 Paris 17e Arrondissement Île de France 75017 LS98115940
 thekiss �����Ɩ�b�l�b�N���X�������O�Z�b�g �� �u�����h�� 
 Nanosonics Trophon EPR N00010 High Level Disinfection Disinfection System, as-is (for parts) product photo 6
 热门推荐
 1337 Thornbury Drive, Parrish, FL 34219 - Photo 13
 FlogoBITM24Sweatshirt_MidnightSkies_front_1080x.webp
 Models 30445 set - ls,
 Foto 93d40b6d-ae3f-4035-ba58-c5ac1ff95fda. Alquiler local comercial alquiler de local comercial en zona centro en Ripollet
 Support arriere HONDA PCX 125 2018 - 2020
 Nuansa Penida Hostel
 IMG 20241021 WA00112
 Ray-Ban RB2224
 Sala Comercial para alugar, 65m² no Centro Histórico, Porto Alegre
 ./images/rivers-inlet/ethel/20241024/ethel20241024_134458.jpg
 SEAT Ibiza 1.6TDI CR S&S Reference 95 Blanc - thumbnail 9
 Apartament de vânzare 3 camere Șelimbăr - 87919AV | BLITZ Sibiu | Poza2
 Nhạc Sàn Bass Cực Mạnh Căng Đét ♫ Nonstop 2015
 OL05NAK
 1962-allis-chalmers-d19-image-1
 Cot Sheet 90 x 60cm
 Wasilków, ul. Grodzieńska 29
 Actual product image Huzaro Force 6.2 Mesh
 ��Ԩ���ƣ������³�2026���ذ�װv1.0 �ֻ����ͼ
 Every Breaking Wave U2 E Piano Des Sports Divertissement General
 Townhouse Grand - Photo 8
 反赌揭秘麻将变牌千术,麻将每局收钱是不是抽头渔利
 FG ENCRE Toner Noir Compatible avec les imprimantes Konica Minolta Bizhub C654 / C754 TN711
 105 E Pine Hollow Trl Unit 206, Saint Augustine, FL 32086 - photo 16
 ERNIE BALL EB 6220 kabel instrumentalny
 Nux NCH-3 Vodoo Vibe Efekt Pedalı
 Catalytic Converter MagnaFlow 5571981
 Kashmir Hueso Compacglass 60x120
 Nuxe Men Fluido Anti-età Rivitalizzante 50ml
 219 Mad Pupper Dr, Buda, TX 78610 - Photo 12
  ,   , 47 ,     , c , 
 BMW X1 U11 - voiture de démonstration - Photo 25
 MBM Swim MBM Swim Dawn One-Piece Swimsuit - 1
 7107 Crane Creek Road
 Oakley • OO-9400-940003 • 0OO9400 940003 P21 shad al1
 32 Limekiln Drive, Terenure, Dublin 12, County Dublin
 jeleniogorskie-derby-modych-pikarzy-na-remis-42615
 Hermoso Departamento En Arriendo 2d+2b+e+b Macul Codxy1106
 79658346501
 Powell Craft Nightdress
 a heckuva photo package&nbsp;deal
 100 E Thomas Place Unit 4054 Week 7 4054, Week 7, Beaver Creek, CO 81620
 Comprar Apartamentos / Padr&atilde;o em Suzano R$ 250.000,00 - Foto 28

--- Requirement ---
Your response should consist of the data above, duplicated exactly.

--- Task response ---
 Paris 17e Arrondissement Île de France 75017 LS98115940
 thekiss �����Ɩ�b�l�b�N���X�������O�Z�b�g �� �u�����h�� 
 Nanosonics Trophon EPR N00010 High Level Disinfection Disinfection System, as-is (for parts) product photo 6
 热门推荐
 1337 Thornbury Drive, Parrish, FL 34219 - Photo 13
 FlogoBITM24Sweatshirt_MidnightSkies_front_1080x.webp
 Models 30445 set - ls,
 Foto 93d40b6d-ae3f-4035-ba58-c5ac1ff95fda. Alquiler local comercial alquiler de local comercial en zona centro en Ripollet
 Support arriere HONDA PCX 125 2018 - 2020
 Nuansa Penida Hostel
 IMG 20241021 WA00112
 Ray-Ban RB2224
 Sala Comercial para alugar, 65m² no Centro Histórico, Porto Alegre
 ./images/rivers-inlet/ethel/20241024/ethel20241024_134458.jpg
 SEAT Ibiza 1.6TDI CR S&S Reference 95 Blanc - thumbnail 9
 Apartament de vânzare 3 camere Șelimbăr - 87919AV | BLITZ Sibiu | Poza2
 Nhạc Sàn Bass Cực Mạnh Căng Đét ♫ Nonstop 2015
 OL05NAK
 1962-allis-chalmers-d19-image-1
 Cot Sheet 90 x 60cm
 Wasilków, ul. Grodzieńska 29
 Actual product image Huzaro Force 6.2 Mesh
 ��Ԩ���ƣ������³�2026���ذ�װv1.0 �ֻ����ͼ
 Every Breaking Wave U2 E Piano Des Sports Divertissement General
 Townhouse Grand - Photo 8
 反赌揭秘麻将变牌千术,麻将每局收钱是不是抽头渔利
 FG ENCRE Toner Noir Compatible avec les imprimantes Konica Minolta Bizhub C654 / C754 TN711
 105 E Pine Hollow Trl Unit 206, Saint Augustine, FL 32086 - photo 16
 ERNIE BALL EB 6220 kabel instrumentalny
 Nux NCH-3 Vodoo Vibe Efekt Pedalı
 Catalytic Converter MagnaFlow 5571981
 Kashmir Hueso Compacglass 60x120
 Nuxe Men Fluido Anti-età Rivitalizzante 50ml
 219 Mad Pupper Dr, Buda, TX 78610 - Photo 12
  ,   , 47 ,     , c , 
 BMW X1 U11 - voiture de démonstration - Photo 25
 MBM Swim MBM Swim Dawn One-Piece Swimsuit - 1
 7107 Crane Creek Road
 Oakley • OO-9400-940003 • 0OO9400 940003 P21 shad al1
 32 Limekiln Drive, Terenure, Dublin 12, County Dublin
 jeleniogorskie-derby-modych-pikarzy-na-remis-42615
 Hermoso Departamento En Arriendo 2d+2b+e+b Macul Codxy1106
 79658346501
 Powell Craft Nightdress
 a heckuva photo package&nbsp;deal
 100 E Thomas Place Unit 4054 Week 7 4054, Week 7, Beaver Creek, CO 81620
 Comprar Apartamentos / Padr&atilde;o em Suzano R$ 250.000,00 - Foto 28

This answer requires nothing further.